From left: Michael Shanks as Rick Singer, Mia Kirshner as Bethany, Penelope Ann Miller as Caroline and Sam Duke as Danny in "The College Admissions Scandal." (Sergei Bachlakov/Lifetime)

It is here. It has arrived. The Lifetime movie version of the college admissions scandal — evocatively titled “The College Admissions Scandal" — aired Saturday night. And it is, as anticipated, pretty bonkers. (Even if the real-life story might be crazier than any film Lifetime could produce.)

The main thing you need to know: No, sadly, this movie isn’t about Lori Loughlin or Felicity Huffman, the highest-profile names in the FBI’s sensational Operation Varsity Blues in which nearly 50 wealthy parents were accused of facilitating bribes to get their children into prestigious universities. Last month, Huffman was sentenced to two weeks in jail for paying $15,000 for someone to correct her daughter’s SAT answers. Loughlin’s case is still pending, but she is accused of paying $500,000 to get her daughters enrolled as crew recruits at the University of Southern California, although neither rowed crew.

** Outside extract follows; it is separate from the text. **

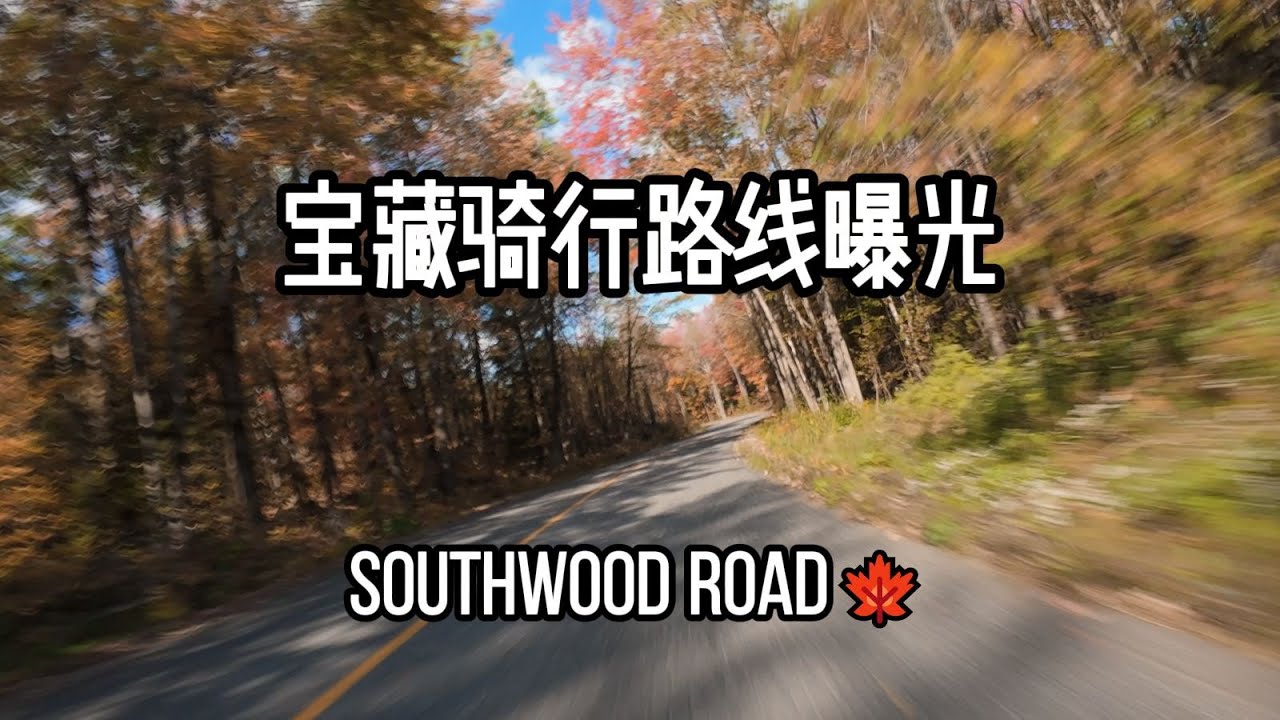 多伦多最美秋日骑行路｜Southwood Road 🍂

Instead the film focuses on the fictional “Caroline" and “Bethany,” an interior decorator and a money manager obsessed with getting their kids into Stanford and Yale, respectively. Of course, this backfires spectacularly when they get involved with Rick Singer, a “consultant” who promises parents he knows exactly what these prestigious schools are looking for in applicants — and for a few extra hundred- thousand dollars, he can throw in some “extra” services, like inflated SAT scores or bribes to athletic coaches who will recruit your kid for their team even if they don’t play the sport.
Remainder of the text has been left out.